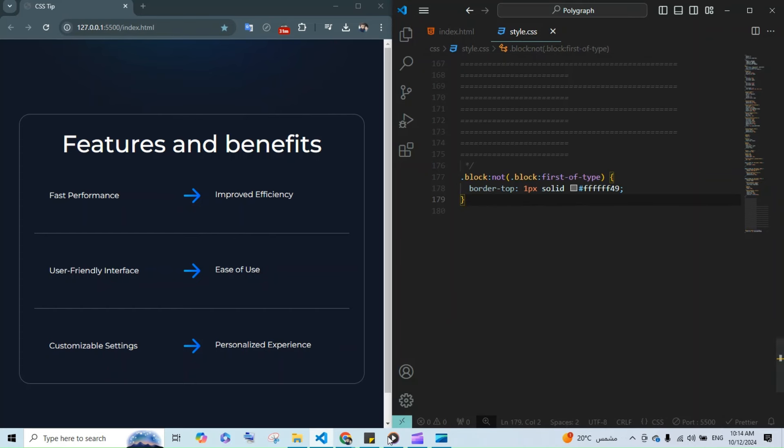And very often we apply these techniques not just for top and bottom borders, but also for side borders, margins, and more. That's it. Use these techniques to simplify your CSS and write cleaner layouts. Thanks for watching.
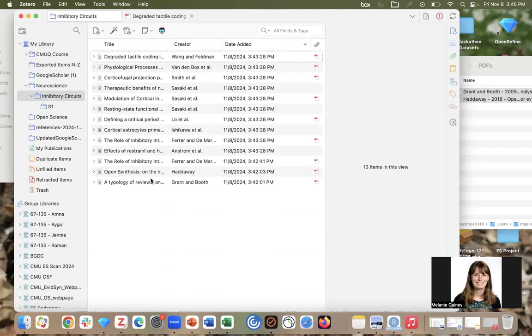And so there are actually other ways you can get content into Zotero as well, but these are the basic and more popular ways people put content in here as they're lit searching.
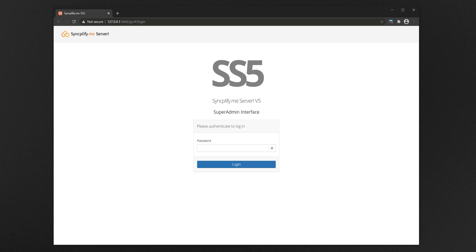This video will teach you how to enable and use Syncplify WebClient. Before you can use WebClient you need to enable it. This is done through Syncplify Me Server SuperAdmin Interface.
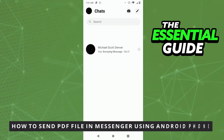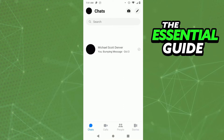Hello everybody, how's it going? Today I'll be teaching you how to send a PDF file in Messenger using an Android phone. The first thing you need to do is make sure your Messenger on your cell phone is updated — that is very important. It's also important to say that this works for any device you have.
════════════════
PROBLEM TO SOLVE
With the pictures removed, print only the lines starting at the line that has "And so there" and ending at the line that has "This video will", both ends included, exactly as they stand above.

EXERCISE RESULT
And so there are actually other ways you can get content into Zotero as well, but these are the basic and more popular ways people put content in here as they're lit searching.
This video will teach you how to enable and use Syncplify WebClient. Before you can use WebClient you need to enable it. This is done through Syncplify Me Server SuperAdmin Interface.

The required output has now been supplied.